The prime minister’s assertions contradict regular claims by Arab leaders that their population is consistently and systematically discriminated against by the state.

In the video, Netanyahu said that while the larger Middle East was “torn apart by hatred of minorities — Yazidis, Christians, Bahais, Kurds and others” — in Israel “minorities thrive.” Israeli Arabs, he said, “enjoy equality under the law, and we’re working very hard to make sure that they enjoy equality of opportunity.”

Among the achievements cited by the premier: “Over the past decade, the number of Arabs working in high-tech in Israel increased tenfold; Arab students studying at the Technion, Israel’s MIT, tripled; Arab judges nearly doubled; an Arab Supreme Court Justice served as chairman of the Central Election Committee overseeing our national elections; Arab participation in the workforce has grown significantly; Arab unemployment is down; and for the first time ever, an Arab has been appointed a deputy commissioner of the police, the second highest rank attainable.”

Netanyahu claimed that “none of this is accidental. My government has worked tirelessly to advance equality and opportunity for all. We’re investing 14 billion shekels — more money than has ever been given to the Arab sector in order to decrease unemployment and improve health, education and safety.”

The prime minister claimed the facts of his government’s actions were often distorted or under-reported by the media.

“Imagine if the Middle East looked a bit more like Tel Aviv and a bit less like Aleppo,” he said.

Netanyahu’s English video was apparently aimed at reassuring international audiences of Israel’s commitment to its Arab minority, some weeks after he sent a similar message to the community itself on Facebook.

Israeli Arab leadership has long claimed the minority group — which makes up 20 percent of the population — faces serious discrimination by the state.

A recent government crackdown on illegal construction by Israeli Arabs has raised tensions between the Arab population and government authorities. In January the government demolished 11 buildings on the outskirts of the central town of Qalansawe, and 12 structures in the unrecognized Bedouin village of Umm al-Hiran in the southern Negev Desert.

The latter incident resulted in the deaths of police officer Erez Levi and Umm al-Hiran resident Yaqoub Mousa Abu al-Qia’an in what police say was a terror attack, a claim that has been widely disputed.

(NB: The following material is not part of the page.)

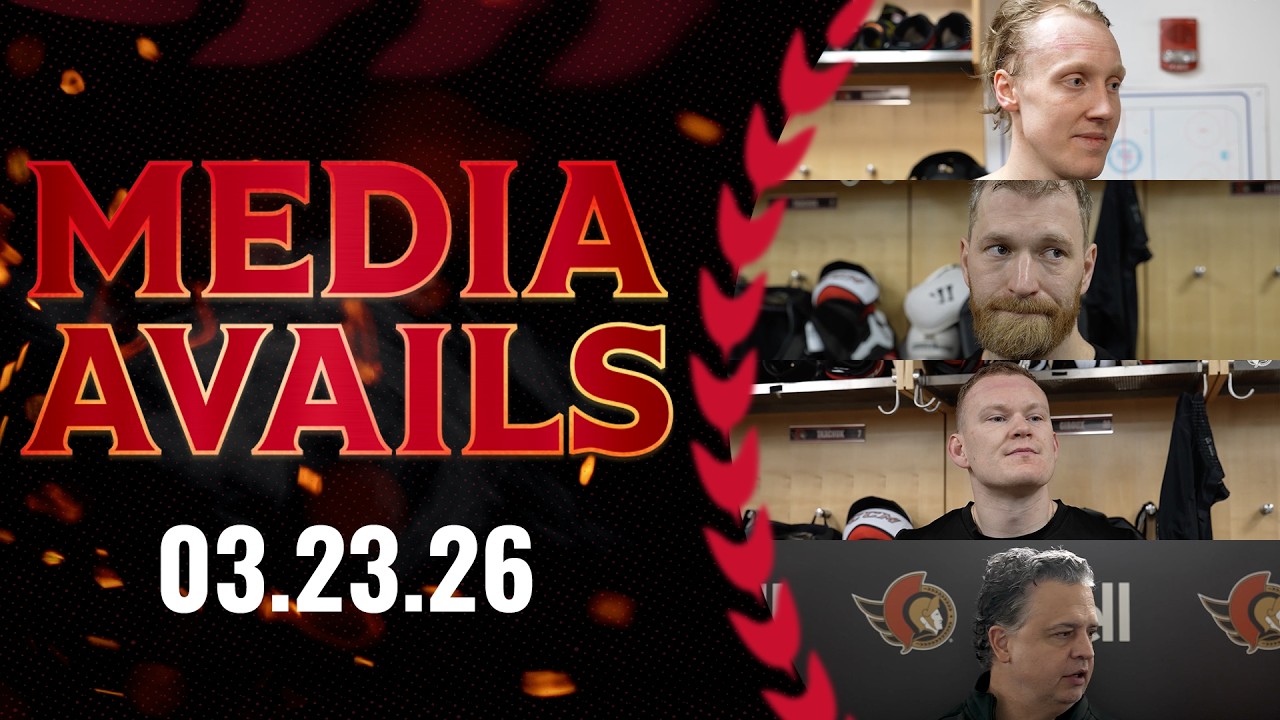 Lassi Thomson, Claude Giroux, Brady Tkachuk, Travis Green Pregame Media vs TOR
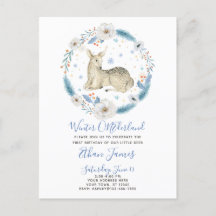Winter ONEderland Deer Floral Baby's 1. Geburtstag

Both demolition pushes resulted in large protests and widespread strikes among Israel’s Arab citizens, with the Joint (Arab) List Knesset faction branding the demolitions “an unprecedented crime and a declaration of war against” the “Arab public.”

Last Saturday thousands of Arabs and Jews demonstrated in Tel Aviv over government policy towards the Arab community, accusing the government of racism and incitement against minorities.

A recent government report stated that more than 53% of Israeli Arabs fall below the poverty line compared to 14% of Jews — and that the rate is going up.